Dear Leta,
Over the weekend you turned seventeen-months-old. We celebrated by taking you to a huge swimming pool for your first real swimming experience, and while you took to the water without any fuss, you were much more interested in the sunscreen bottle we bought on the way to the pool. You spent almost four hours of your life that day putting the cap on and then pulling it off again, again, and then again. We couldn’t feed you or take off your clothes without separating you from the sunscreen cap and bottle, and there was a moment during one of the vacuum-sealed screaming fits when I thought, why can’t we just let her sleep in her wet swim diaper? Motherhood, Leta, it turns logic ON ITS HEAD. Like magic.
Yesterday was the Fourth of July, one of the few days a year the government says we can all sleep in. THE UNITED STATES GOVERNMENT SAYS SO, so why did you wake up at 5:30 AM, oh traitorous traitor? Usually when you wake up that early we let you talk yourself back to sleep until at least 6 AM, but this time, this day of government-sanctioned sleeping in, you screamed from your room, “MAAAMA!” And when that didn’t work you tried, “NOOOOOOOOOO!” And then when that didn’t work you commenced shaking your crib like a lion in a cage who is separated from steaming, fresh carcass by the the bars of his cage. When I ran into your room you were standing at the end of the bed, your dimpled fists propelling the crib forward, and you instantly yelled, “Hiiiiiiiiiiiiiii!” Hi, indeed, Francis.

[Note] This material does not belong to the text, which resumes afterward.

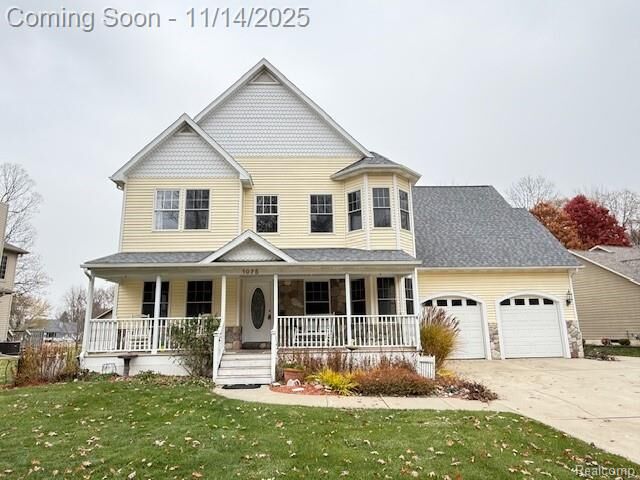 Property Photo: 1075 Crystal Wood Drive MI 48423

Words you know how to say: hi, mama, bo, no, dank ooh, hi, owwee, hi, dada, hi, NOOOO, hi. Number of times you utter each one during the course of an hour: at least 90 times per minute, leaving zero seconds of silence. Number of times during a car ride that you have screamed louder than the radio I have turned up to drown out your Hiiiiiiiiiiii! EVERY. SINGLE. TIME. Which is the same number of times your father has turned to me during a car ride to ask, “Does she do this all the time?” and I have responded, “You have no idea.”

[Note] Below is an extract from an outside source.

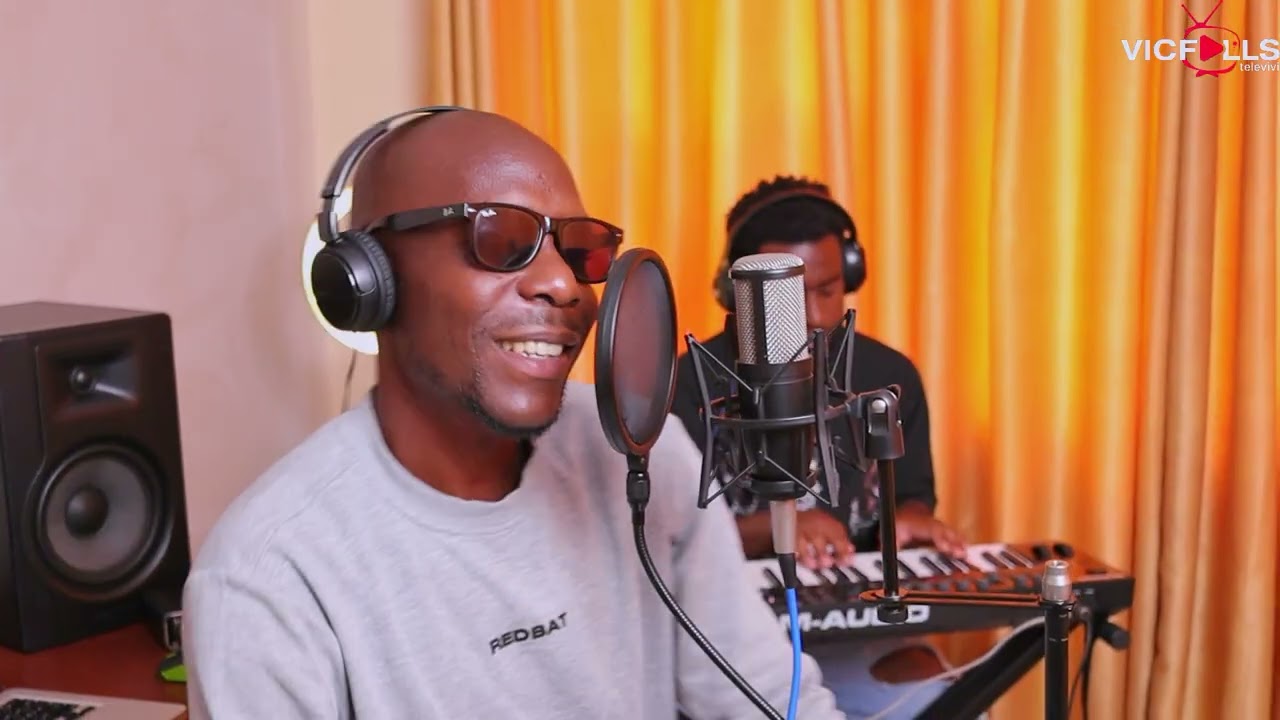 Breeze Sox | Acoustic Session | Troeskybeats Studio | Downtown Playlist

Your new trick this month is to throw yourself face-first to the floor and utter this wounded-boar-left-in-the-woods-to-die sound to get back something we have taken away from you. Admittedly, this is partially our fault, because when you were six months old and we handed you the remote or the telephone you couldn’t do any damage. But now, now you know how to erase important recorded programs, or store numbers on the telephone, or hit REDIAL. Once you even dialed 9-1-1 on the babysitter’s cellphone. I thought about keeping them on the line and saying, “Please, help. I had a baby and I can’t get up.”
One morning last week you suddenly and without warning realized how to open cabinet doors, and upon returning from the bathroom I found you scurrying like a squirrel hoarding nuts across the floor toward your bedroom with a bottle of Windex tucked under your arm. When I took that bottle of Windex away from you I might as well have been cutting your heart out of your chest with dull knives, the sound of your disappointment registering on seismographs at Caltech in Pasadena. Your father and I often wonder if we should pay someone to come into the home and teach us about this particular baby stage because we have no idea what the hell to do with you. We paid a trainer to come help us with Chuck when he was a baby, and that trainer put a leash on Chuck and dragged him an entire city block to get him to obey. Not that we would ever put you on a leash (or, I guess, act on the urge to do so, including the dragging part), but how do you tell someone your age that YOU ARE NOT ALLOWED TO TALK TO ME THAT WAY, when that sentence doesn’t contain one instance of the word “Hi!”?
You’re in this stage of life where the only way to communicate to us is by complaining, and that’s the thing about kids. You can get away with it because you don’t know any better, and as your parents we have to accept that sometimes, more often than not, all you do is complain. When you’re an adult and pay bills and the government takes more than a third of your income, sometimes it’s just not nice to complain all the time, even when you can’t have the remote. EVEN THEN, LETA. People don’t want to hear it all the time because they’ve heard it a thousand times already and at some point you just have to suck it. This last paragraph is more for me than it is for you because when you hang out with someone who does nothing but complain all day you, like me, may want to put that person out on the sidewalk with a sign around her neck that reads, “FREE, OR BEST OFFER.”
What I’m trying to say is, this month when people ask me about my week or my day or even the two hours I’ve been awake with you, instead of barfing all over them and lamenting the fact that damn, Gina, this is so hard, so very very hard, the hardest thing I’ve ever done, wah wah WAH WAH WAH, I’m trying to look at them and say, “She calls me Mama, now. I never knew that word could be so amazing.”